Article 4. Promotion of collective bargaining. The Committee takes due note of Ministerial Order No. 001/19.20 of March 2020 relating to Labour Inspection provided by the Government. The Committee notes that if a labour inspector fails to settle a collective labour dispute, the inspector refers the dispute to the Minister of labour who then submits it to the National Labour Council (article 15), which issues special regulations determining the modalities for the establishment of the arbitration committee and its functioning (article 17). The National Labour Council, after receiving the collective labour dispute from the Minister in charge of Labour, sets up an arbitration committee to settle the collective labour dispute (article 18). While recalling that recourse to compulsory arbitration was removed by the new labour Code, the Committee requests the Government to provide information on the special regulations determining the modalities for the establishment of the arbitration board and its functioning,in order to ensure that the rules applicable to the settlement of collective disputes, through the National Labour Council, are fully in line with the principle of free and voluntary collective bargaining established by the Convention.

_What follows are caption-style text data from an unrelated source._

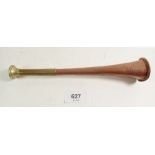 A Swaine & Adeney Kohler small copper hunting horn - 22.5cm.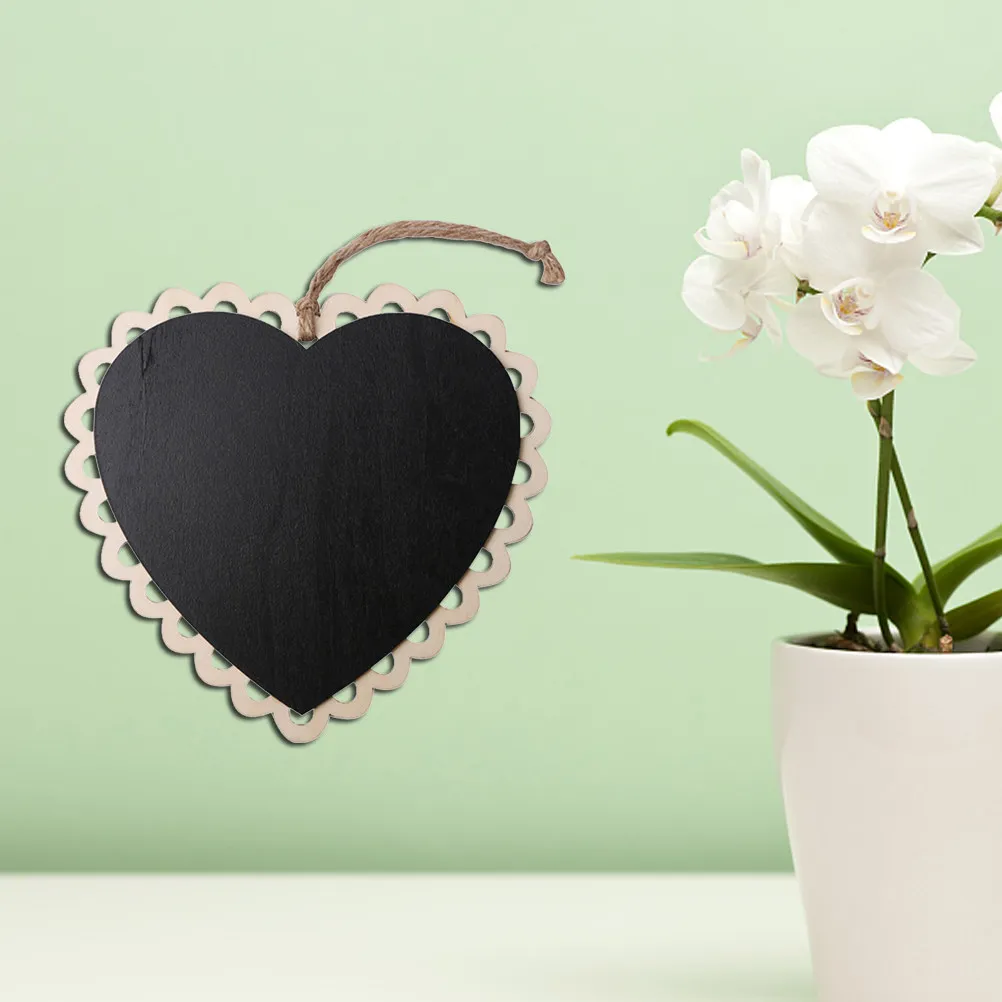 Heart Mini Blackboard 16x15cm Lightweight Boxwood Chalkboard for Wedding Reception Signs Christmas Decor Garden Plant
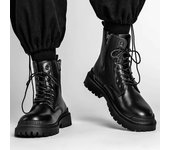 Martin botas de los hombres nuevo verano negro casual botas de cuero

Referring to its previous comments under the Collective Bargaining Convention, 1981 (No. 154), the Committee recalls that, according to article 3 of Law No. 66/2018 of August 2018 regulating Labour, a “collective agreement” means a written agreement relating to employment conditions or any other mutual interests between employees’ organizations or employees’ representatives where there are no such employees’ organizations on the one hand, and one or more employers or employers’ organizations, on the other hand. In view of the Committee, such a definition could be too restrictive and exclude certain categories of workers. The Committee notes the Government’ statement that, according to article 32 of the Constitution of Rwanda, trade unions and employers’ associations have the right to engage in collective bargaining and may enter into general or specific agreements regulating their working relations. The Constitution recognizes these rights to all categories of trade unions and employer’s associations and does not make any distinction based on the status of employees. While taking note of this information, the Committee wishes to recall that the recognition of the right to collective bargaining is wide-ranging in scope and should for instance include the self-employed. The Committee further notes that, according to article 2 of Law No. 66/2018, collective bargaining applies to self-employed workers, but only with regard to occupational health and safety. The Committee therefore requests the Government to provide information on how the right to collective bargaining is recognized to all categories of workers, irrespective of their contractual status and irrespective of the subject covered by collective bargaining.

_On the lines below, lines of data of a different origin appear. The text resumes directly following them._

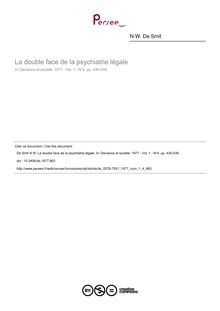 La double face de la psychiatrie légale - article ; n°4 ; vol.1, pg 435-439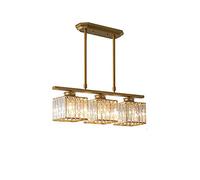 KXEcoLife Suspension dorée de Luxe avec éclairage intégré, plafonnier rectangulaire LED pour Salon, Chambre ou Salle à Manger, Lampe en Cristal rectangulaire Simple, Douille E27, Lustre Rond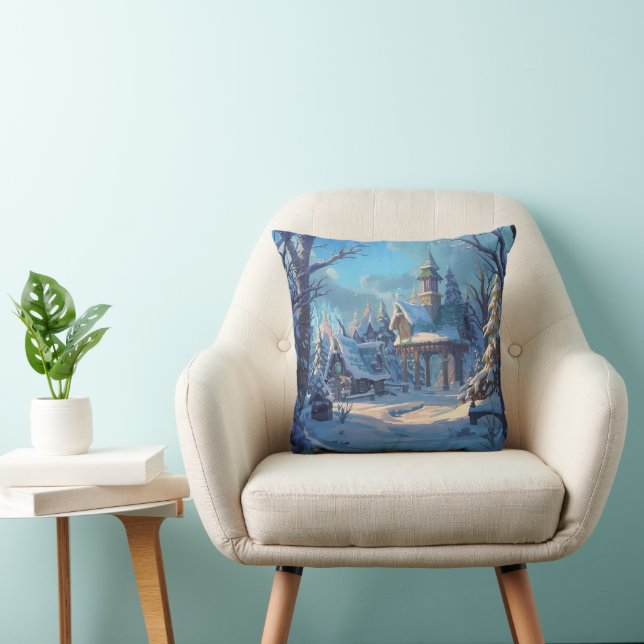 Cozy Winter Snow Design Throw Pillow (Chair)
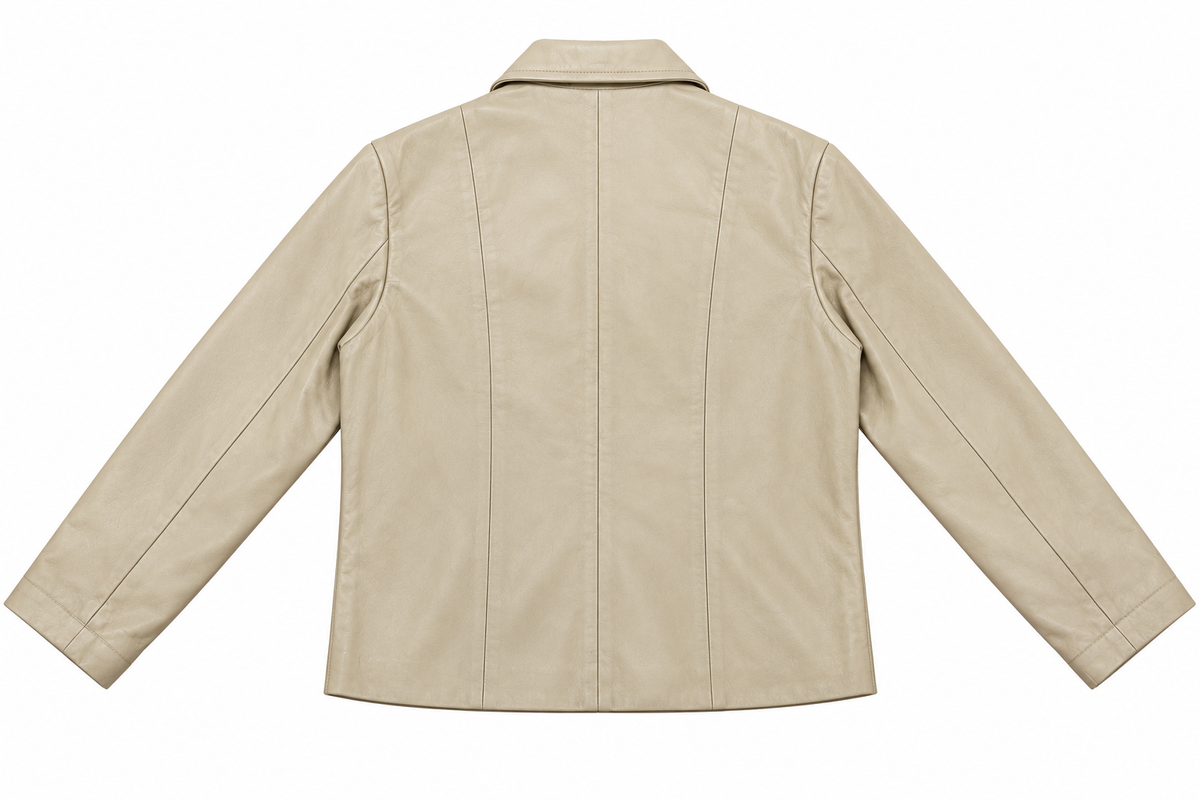 Beige Collared Leather Jacket – back view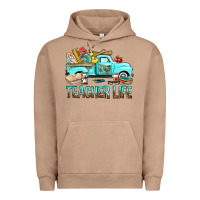 Pigment Burro Teacher Life With Truck Urban Hoodie - BundleAndBundleShop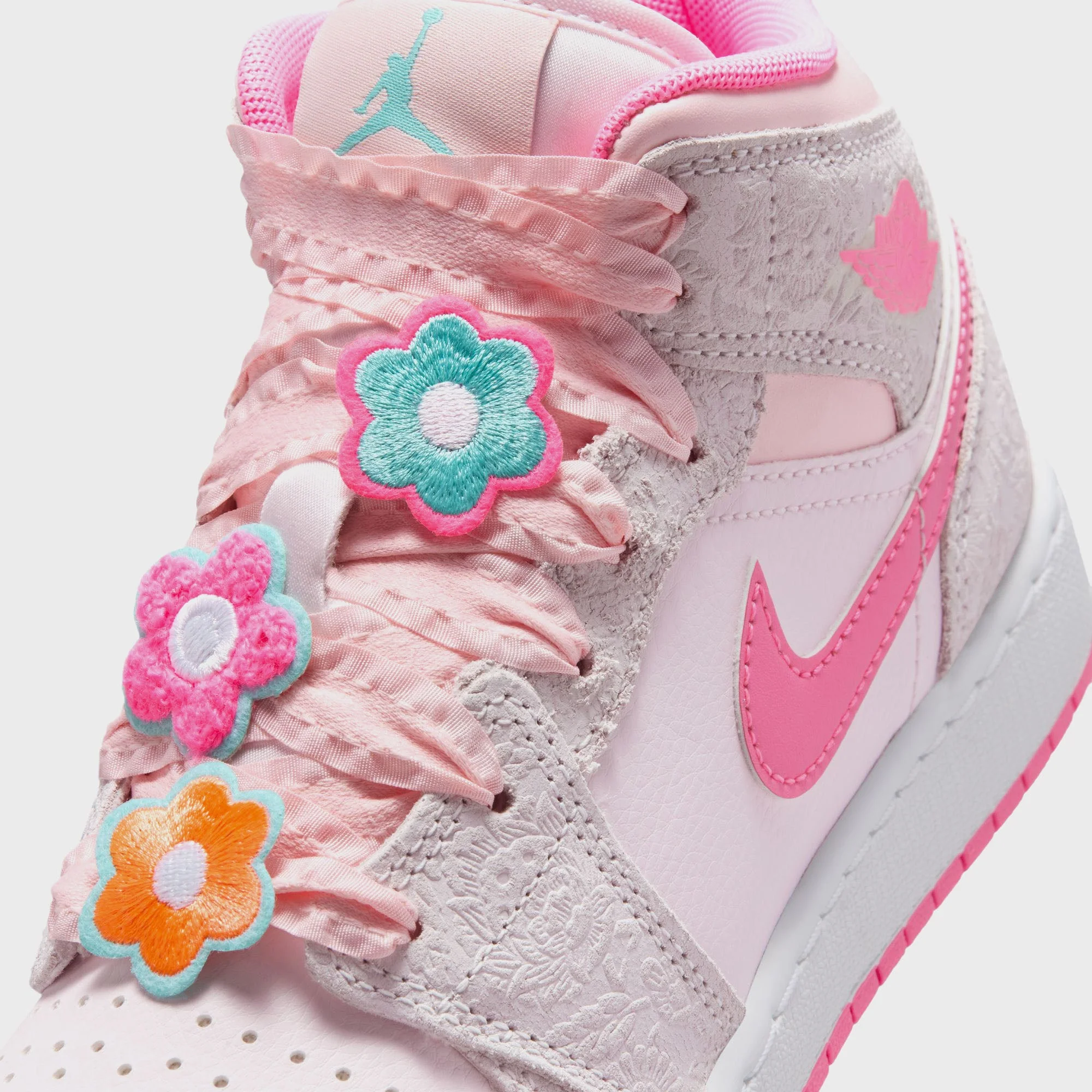 Jordan GS Air Jordan 1 Mid Alt SE - Vast Grey / Pink Glow / Sail / Pink Bloom - Image 7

With respect to the extension procedure of collective agreements applicable to at least two thirds (2/3) of the number of employees or employers representing the category of profession (according to article 95 of the new Labour Code), the Committee notes the Government’s indication that its applicability depends on the organizations themselves and that, so far, some collective agreements are in place, but not yet extended. The Committee requests the Government to keep providing information on the application in practice of article 95 of the new Labour Code.
The Committee is raising other matters in a request addressed directly to the Government.